Position: Data Engineer (AWS Cloud + Hadoop Jobs + Informatica BDM)
Location: Greater Noida
Duration: Full Time
Must Have Skills
1: AWS Cloud
2: Apache Hadoop (Hadoop Platform, writing hive or impala queries)
3: Working on relational databases (Oracle, Teradata, PostgreSQL etc.) and writing SQL queries
4: Informatica BDM and ETL
5: Experience in writing Shell scripts
Job Description
- Design, build and operationalize large scale enterprise data solutions in Hadoop, Postgres, and Snowflake.
- Demonstrates outstanding understanding of AWS cloud services especially in the data engineering and analytics space.
- Analyze, re-architect and re-platform on premise big data platforms.
- Parse unstructured data, semi structured data such as JSON, XML etc. using Informatica Data Processor.
- Analyze the Informatica PowerCenter Jobs and redesign and develop them in BDM.
- Work will also encompass crafting & developing solution designs for data acquisition/ingestion of multifaceted data sets (internal/external), data integrations & data warehouse/marts.
- You are collaborative with business partners, product owners, partners, functional specialists, business analysts, IT architecture, and developers to develop solution designs adhering to architecture standards.
- Responsible for supervising and ensuring that solutions adhere to enterprise data governance & design standards.
- Act as a point of contact to resolve architectural, technical and solution related challenges from delivery teams for best efficiency.
- Design and Develop ETL Pipeline to ingest data into Hadoop from different data sources (Files, Mainframe, Relational Sources, NoSQL Etc.) using Informatica BDM
- Work with Hadoop administrators, Postgres DBAs to partition the hive tables, refresh metadata and various other activities, to enhance the performance of data loading and extraction.
- Performance tuning of ETL mappings and queries.
- Advocate importance of data catalogs, data governance and data quality practices.
- Outstanding problem-solving skills.
- Work in an Agile delivery framework to evolve data models and solution designs to deliver value incrementally.
- You are a self-starter with experience working in a fast-paced agile development environment.
- Strong mentoring and coaching skills and ability to lead by example for junior team members.

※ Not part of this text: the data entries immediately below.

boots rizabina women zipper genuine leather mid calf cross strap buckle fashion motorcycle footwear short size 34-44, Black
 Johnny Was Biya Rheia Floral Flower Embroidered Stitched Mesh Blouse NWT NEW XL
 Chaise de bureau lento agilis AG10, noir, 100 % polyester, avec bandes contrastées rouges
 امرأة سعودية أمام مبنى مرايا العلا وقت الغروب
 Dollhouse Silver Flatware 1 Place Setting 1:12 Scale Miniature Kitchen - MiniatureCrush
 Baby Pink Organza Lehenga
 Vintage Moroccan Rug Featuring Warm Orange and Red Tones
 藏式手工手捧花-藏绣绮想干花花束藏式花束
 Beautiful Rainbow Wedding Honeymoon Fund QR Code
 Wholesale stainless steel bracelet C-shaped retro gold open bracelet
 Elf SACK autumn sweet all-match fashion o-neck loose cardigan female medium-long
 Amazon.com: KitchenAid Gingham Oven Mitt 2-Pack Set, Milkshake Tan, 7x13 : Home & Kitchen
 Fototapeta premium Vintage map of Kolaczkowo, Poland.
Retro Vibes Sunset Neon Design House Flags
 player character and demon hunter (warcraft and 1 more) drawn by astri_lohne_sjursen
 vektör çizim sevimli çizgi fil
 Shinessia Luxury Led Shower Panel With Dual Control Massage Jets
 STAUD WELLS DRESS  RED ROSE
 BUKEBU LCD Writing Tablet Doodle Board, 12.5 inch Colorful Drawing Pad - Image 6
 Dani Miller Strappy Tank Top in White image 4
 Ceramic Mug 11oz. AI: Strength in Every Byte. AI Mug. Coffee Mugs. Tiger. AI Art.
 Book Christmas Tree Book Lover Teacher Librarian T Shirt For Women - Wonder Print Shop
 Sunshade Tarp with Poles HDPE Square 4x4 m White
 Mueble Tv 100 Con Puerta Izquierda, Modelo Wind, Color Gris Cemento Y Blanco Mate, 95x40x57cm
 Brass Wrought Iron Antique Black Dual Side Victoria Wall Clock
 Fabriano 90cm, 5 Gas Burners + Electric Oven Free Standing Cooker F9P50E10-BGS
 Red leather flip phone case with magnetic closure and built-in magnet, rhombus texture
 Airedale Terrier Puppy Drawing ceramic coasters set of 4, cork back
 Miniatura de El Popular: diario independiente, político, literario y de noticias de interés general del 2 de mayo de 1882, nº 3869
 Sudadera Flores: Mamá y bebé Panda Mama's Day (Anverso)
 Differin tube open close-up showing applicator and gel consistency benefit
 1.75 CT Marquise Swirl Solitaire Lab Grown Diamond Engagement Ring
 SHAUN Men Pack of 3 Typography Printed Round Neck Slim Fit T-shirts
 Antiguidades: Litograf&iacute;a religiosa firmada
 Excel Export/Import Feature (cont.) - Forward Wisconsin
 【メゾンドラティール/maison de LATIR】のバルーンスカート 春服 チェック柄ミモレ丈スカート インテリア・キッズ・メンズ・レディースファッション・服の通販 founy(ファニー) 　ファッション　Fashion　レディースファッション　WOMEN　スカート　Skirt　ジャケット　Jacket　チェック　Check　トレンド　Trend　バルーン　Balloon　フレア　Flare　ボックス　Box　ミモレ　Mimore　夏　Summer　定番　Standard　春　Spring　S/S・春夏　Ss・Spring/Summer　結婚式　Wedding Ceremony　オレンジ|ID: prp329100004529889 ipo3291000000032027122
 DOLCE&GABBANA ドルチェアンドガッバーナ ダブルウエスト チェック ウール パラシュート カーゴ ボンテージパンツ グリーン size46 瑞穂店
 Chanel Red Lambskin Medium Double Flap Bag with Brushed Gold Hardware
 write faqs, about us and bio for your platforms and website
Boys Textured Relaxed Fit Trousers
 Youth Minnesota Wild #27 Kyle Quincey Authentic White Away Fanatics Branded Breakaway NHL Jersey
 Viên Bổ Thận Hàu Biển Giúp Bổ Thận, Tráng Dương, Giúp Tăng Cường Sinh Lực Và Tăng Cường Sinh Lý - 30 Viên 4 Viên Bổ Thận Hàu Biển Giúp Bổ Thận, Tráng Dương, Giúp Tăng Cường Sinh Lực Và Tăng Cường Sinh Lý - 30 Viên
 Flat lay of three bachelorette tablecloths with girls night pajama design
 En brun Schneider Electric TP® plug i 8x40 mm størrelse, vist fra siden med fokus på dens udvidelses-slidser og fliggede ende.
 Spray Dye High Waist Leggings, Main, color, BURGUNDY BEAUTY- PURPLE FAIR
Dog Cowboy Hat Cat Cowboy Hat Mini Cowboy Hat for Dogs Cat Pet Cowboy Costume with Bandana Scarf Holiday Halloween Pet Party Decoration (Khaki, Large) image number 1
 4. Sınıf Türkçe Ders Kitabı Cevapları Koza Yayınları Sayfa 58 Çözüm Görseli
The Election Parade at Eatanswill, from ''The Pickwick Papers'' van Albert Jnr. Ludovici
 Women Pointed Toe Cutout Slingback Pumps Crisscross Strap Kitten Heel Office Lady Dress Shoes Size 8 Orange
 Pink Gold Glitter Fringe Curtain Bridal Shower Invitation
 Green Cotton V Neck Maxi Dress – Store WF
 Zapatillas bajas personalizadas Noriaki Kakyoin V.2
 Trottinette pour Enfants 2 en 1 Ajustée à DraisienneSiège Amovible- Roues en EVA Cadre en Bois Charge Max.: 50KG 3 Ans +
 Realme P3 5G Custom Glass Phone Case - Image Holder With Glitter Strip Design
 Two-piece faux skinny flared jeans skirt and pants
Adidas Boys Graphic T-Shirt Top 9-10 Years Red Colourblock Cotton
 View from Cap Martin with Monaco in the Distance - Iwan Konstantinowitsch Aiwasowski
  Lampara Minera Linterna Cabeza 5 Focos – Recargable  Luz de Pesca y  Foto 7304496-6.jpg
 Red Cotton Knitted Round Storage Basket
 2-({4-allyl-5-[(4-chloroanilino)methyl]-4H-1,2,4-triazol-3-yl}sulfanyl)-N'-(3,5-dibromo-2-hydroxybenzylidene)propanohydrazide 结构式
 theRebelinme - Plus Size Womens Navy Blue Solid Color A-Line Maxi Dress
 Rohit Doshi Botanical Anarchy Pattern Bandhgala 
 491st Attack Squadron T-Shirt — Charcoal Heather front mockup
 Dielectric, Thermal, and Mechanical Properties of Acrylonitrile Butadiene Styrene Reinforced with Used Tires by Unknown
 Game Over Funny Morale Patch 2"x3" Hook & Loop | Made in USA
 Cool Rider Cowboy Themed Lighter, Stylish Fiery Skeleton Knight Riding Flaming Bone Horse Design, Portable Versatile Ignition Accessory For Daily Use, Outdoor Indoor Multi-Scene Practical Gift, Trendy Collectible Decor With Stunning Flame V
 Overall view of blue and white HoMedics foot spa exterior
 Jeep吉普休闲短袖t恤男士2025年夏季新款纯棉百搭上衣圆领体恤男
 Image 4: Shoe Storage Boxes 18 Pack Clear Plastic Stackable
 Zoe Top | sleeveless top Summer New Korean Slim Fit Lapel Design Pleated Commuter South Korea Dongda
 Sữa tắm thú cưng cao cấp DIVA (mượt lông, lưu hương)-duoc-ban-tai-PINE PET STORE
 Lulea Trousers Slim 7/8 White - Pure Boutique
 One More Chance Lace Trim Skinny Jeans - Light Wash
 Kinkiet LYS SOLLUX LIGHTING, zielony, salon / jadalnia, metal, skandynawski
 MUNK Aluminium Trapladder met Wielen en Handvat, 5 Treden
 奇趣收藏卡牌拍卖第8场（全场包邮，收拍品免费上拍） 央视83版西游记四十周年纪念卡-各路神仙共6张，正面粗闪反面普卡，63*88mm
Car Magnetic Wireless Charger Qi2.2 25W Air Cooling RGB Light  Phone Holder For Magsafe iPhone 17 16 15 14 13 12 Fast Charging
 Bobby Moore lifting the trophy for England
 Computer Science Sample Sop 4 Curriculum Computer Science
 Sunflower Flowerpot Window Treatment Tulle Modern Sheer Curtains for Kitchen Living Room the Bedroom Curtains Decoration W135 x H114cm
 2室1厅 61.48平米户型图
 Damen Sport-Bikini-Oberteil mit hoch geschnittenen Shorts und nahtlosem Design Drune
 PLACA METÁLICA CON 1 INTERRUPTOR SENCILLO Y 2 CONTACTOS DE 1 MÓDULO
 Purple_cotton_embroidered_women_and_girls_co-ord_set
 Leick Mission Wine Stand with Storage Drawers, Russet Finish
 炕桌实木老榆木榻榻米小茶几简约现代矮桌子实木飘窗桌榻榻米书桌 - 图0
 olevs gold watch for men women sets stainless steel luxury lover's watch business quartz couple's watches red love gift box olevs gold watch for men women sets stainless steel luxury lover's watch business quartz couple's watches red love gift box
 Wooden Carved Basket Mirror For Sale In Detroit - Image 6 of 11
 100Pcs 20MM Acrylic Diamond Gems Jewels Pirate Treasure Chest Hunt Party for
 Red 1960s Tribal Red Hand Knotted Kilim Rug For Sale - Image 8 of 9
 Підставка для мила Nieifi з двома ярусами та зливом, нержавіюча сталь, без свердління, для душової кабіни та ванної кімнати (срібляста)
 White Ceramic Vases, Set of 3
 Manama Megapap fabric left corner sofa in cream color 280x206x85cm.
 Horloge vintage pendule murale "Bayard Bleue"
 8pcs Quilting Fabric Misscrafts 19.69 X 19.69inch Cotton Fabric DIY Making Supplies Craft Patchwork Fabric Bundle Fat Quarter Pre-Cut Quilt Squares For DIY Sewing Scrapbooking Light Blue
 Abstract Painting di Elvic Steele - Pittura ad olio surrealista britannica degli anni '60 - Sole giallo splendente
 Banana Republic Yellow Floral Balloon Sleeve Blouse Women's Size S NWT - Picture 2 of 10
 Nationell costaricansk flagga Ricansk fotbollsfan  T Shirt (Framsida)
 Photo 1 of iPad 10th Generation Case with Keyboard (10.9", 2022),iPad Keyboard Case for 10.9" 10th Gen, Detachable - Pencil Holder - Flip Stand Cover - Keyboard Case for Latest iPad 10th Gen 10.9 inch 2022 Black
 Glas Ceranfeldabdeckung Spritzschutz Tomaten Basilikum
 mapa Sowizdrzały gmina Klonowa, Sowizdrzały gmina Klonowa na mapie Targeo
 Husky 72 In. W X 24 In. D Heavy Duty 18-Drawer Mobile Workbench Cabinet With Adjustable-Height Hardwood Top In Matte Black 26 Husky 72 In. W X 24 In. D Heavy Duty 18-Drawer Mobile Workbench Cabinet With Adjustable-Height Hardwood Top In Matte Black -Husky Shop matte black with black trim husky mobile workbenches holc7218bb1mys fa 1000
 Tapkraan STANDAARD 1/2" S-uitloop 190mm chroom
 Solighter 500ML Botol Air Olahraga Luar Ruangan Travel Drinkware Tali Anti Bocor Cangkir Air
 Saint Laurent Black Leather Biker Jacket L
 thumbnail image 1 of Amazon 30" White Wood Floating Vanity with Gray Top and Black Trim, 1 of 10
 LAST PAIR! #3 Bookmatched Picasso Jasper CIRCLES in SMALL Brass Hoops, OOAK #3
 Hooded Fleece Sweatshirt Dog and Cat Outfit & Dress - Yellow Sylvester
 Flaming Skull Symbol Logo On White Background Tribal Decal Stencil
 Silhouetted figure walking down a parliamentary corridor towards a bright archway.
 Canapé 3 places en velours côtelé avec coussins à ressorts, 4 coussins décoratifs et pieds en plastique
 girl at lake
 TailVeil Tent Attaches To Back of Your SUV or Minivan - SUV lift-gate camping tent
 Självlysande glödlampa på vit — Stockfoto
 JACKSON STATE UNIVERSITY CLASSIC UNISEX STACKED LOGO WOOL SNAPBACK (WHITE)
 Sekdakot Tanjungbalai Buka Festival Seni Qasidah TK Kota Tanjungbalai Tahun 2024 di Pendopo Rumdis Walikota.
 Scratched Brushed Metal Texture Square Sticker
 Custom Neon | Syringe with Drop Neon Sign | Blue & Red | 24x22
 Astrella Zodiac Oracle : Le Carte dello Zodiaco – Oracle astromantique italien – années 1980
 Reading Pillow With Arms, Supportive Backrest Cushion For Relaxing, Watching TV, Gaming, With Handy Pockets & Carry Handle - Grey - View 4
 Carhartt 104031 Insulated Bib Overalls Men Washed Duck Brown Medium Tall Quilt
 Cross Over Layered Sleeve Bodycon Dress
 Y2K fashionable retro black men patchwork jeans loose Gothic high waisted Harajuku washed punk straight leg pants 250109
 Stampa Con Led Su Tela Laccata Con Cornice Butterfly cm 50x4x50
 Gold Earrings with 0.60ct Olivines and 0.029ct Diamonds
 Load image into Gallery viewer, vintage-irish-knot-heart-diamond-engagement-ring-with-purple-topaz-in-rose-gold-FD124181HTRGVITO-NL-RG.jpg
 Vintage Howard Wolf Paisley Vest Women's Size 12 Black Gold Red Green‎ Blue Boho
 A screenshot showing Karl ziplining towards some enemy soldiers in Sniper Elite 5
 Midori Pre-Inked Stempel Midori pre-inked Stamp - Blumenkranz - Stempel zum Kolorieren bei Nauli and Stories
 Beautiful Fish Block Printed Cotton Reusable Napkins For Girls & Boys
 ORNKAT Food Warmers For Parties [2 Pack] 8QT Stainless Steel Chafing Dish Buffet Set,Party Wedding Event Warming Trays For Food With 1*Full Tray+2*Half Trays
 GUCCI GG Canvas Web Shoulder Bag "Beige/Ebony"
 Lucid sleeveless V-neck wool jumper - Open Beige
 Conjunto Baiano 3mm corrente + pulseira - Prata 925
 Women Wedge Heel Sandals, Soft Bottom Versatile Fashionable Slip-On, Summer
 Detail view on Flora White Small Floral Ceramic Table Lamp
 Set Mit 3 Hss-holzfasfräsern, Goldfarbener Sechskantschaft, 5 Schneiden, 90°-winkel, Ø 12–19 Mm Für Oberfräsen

- Outcome focused with strong decision making and critical thinking skills to challenge the status quo which impacts delivery pace and performance and striving for efficiency.
What You’ll Bring
- University degree in Computer Engineering or Computer Science.
- 3+ years of experience crafting solutions for data lakes, data integrations, data warehouses/marts.
- 3+ years of experience working on Hadoop Platform, writing hive or impala queries.
- 3+ years of experience working on relational databases (Oracle, Teradata, PostgreSQL etc.) and writing SQL queries.
- Solid grasp/experience with data technologies & tools (Hadoop, PostgreSQL, Informatica, etc.,)
- Experience on various execution modes in BDM such Spark, Hive, Native.
- Should have deep knowledge on performance tuning of ETL Jobs, Hadoop Jobs, SQL’s, Partitioning, Indexing and various other techniques.
- Experience in writing Shell scripts.
- Experience in Spark Jobs (Python or Scala) is an asset.
- Outstanding knowledge and experience in ETL with Informatica product suite.
- Knowledge/experience in Cloud Data Lake Design – preferred AWS technologies like S3, EMR, Redshift, Snowflake, Data catalog etc.,
- Experience implementing Data Governance principles and efficiencies.
- Understanding of reporting/analytics tools (Qlik Sense, SAP Business Objects, SAS, Dataiku, etc.,).
- Familiar with Agile software development.
- Excellent verbal and written communication skills.
- Insurance knowledge and asset-Ability to foundationally understand complex business process driving technical systems.